The input can be a CHOP (with an x, y and z channel), a SOP (with any points) or a TOP (where RGB will be treated as X, Y and Z values.
The component has 3 outputs, each contains the same data in different forms: a CHOP, SOP or TOP. Each output contains the input's XYZ and the weight. The SOP creates a "weight" attribute, the CHOP has a weight channel and in the TOP the weight is in the alpha channel.
The viewer uses the weight values as scale factors for cube instances, but the outputs can be used in any way. For example in this demo file, some components take the weight channels and translate the instances off-screen when weight == 1.
The S-curve rolloff can be replaced with any lookup table using the distance-to-plane or -point as index.
The plane can be rotated/translated/scaled based on the usual Transform-type parameters. The point can be translated in a similar way.
You can Bypass to see all the original points. You can Invert to see the invisible point and vice versa.
With the Plane type, using the Shoulder parameter, the rolloff can occur all on the 1-side of the plane, all on the 0-side of the plane, or crossing from 1 to 0 right at the plane.
field* component, you will see that it uses CHOPs (on the CPU) to compute all the weights (the nodes at the top of the network), or, identically, using the GPU, TOPs to compute the weights (bottom of network), both with the same results. If the input is a SOP, it gets converted to a CHOP and all the calculations are done in CHOPs before passing the results back to a SOP for output.

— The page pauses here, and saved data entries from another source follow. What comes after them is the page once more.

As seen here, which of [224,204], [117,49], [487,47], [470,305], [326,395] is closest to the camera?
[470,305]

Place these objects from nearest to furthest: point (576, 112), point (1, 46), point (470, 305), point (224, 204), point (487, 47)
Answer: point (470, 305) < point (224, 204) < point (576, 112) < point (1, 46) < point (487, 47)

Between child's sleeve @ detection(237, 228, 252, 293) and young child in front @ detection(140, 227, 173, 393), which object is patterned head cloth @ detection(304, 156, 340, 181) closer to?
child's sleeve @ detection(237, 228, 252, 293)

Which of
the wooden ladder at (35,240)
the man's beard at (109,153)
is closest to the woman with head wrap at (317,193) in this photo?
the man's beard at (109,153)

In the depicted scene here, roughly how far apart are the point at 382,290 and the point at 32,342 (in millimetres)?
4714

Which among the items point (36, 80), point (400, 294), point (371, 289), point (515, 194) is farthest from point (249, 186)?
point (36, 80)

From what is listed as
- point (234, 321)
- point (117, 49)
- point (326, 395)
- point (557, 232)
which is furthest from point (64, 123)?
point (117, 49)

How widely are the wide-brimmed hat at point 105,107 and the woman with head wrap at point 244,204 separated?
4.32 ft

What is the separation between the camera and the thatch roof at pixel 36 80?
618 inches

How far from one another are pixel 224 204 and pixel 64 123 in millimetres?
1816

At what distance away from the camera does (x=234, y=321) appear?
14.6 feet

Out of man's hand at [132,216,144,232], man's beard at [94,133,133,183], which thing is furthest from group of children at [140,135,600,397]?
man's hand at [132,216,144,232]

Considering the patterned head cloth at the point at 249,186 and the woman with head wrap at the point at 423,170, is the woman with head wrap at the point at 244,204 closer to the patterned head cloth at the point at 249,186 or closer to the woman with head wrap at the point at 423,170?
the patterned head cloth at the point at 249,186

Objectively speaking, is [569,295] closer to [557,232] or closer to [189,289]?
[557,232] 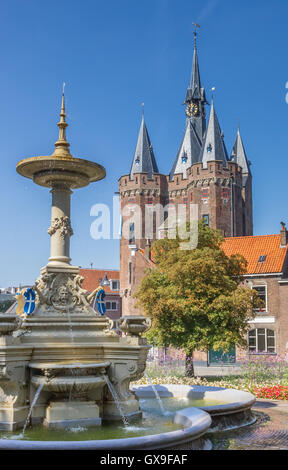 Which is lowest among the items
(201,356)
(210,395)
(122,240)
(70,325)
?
(201,356)

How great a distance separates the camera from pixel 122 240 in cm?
6350

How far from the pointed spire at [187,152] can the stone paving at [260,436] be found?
5643cm

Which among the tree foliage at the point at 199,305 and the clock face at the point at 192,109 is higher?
the clock face at the point at 192,109

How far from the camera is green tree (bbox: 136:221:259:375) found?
73.6ft

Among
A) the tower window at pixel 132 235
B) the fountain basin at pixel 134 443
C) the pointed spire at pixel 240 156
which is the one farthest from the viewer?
the pointed spire at pixel 240 156

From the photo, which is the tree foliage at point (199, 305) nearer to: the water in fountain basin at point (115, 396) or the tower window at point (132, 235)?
the water in fountain basin at point (115, 396)

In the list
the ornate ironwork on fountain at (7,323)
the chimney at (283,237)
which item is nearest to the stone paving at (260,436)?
the ornate ironwork on fountain at (7,323)

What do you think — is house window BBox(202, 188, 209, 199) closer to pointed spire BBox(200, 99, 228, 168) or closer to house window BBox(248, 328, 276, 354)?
pointed spire BBox(200, 99, 228, 168)

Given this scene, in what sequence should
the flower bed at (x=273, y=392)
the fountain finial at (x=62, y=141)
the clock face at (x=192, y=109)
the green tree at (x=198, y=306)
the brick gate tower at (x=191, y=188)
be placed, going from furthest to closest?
the clock face at (x=192, y=109) < the brick gate tower at (x=191, y=188) < the green tree at (x=198, y=306) < the flower bed at (x=273, y=392) < the fountain finial at (x=62, y=141)

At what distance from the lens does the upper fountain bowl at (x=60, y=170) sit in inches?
447

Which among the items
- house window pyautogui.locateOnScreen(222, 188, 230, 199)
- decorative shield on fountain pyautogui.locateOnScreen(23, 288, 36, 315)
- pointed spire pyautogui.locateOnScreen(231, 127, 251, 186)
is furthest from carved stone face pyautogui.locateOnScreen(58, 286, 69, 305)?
pointed spire pyautogui.locateOnScreen(231, 127, 251, 186)

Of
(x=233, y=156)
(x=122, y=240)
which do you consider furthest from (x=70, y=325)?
(x=233, y=156) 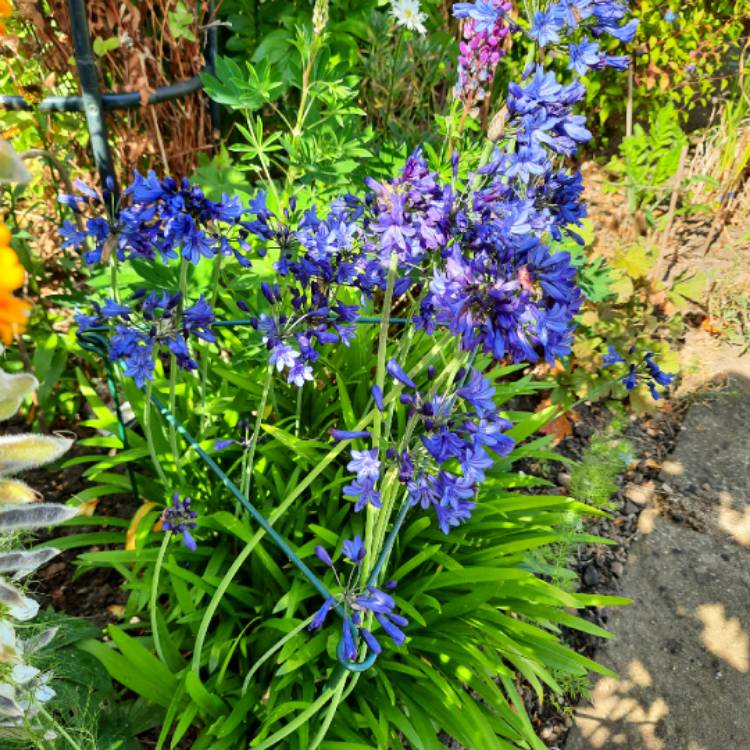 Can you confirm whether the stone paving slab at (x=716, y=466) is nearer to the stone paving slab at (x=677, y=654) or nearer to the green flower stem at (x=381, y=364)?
the stone paving slab at (x=677, y=654)

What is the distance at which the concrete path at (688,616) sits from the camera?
200 cm

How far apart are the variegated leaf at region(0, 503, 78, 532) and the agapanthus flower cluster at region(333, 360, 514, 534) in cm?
45

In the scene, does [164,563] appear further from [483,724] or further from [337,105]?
[337,105]

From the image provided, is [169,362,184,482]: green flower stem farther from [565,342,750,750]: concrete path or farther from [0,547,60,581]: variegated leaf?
[565,342,750,750]: concrete path

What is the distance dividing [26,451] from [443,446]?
62 centimetres

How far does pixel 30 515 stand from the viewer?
994mm

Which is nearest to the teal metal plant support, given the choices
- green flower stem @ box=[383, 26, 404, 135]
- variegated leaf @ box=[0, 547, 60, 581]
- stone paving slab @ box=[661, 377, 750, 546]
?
variegated leaf @ box=[0, 547, 60, 581]

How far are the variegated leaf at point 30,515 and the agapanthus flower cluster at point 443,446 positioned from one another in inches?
17.7

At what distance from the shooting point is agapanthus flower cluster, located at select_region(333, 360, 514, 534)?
1.10 metres

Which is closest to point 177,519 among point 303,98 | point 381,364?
point 381,364

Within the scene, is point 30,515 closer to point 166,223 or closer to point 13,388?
point 13,388

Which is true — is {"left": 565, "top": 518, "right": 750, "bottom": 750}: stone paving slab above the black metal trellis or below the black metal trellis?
below

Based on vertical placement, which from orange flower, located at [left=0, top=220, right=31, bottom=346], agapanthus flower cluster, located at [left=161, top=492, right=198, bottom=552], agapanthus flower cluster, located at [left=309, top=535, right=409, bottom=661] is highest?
orange flower, located at [left=0, top=220, right=31, bottom=346]

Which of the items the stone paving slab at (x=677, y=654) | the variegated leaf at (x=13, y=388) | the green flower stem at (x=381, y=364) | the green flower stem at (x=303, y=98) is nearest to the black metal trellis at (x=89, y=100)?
the green flower stem at (x=303, y=98) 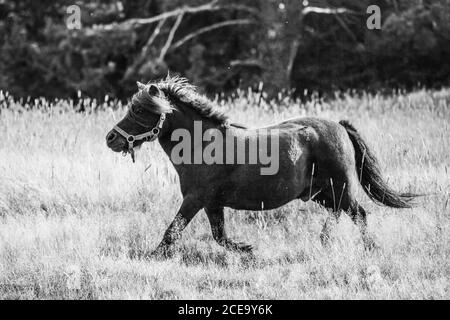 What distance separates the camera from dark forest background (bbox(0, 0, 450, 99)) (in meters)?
16.1

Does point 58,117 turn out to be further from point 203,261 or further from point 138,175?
point 203,261

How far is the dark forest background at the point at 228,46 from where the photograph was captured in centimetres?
1611

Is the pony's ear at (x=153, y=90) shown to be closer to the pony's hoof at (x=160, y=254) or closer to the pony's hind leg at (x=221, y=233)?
the pony's hind leg at (x=221, y=233)

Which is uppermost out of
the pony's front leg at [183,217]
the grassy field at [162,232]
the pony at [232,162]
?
the pony at [232,162]

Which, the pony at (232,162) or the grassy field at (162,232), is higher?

This component is also a confirmation/test that a lot of CHOP operations can now be done faster (and equivalently) on the GPU with TOPs - Math CHOP/TOP, Lookup CHOP/TOP, Function CHOP/TOP, Switch CHOP/TOP, etc..
If you've seen the fabulous work of Ryoichi Kurokawa, you 've likely seen the kinds of reveal/displace/blend effects on point clouds that the Point Field COMP alludes to.
PS This component is intended to be hacked up for other purposes - add different field functions, input/output N-dimensional vectors etc. It provides a good starting-point methodology.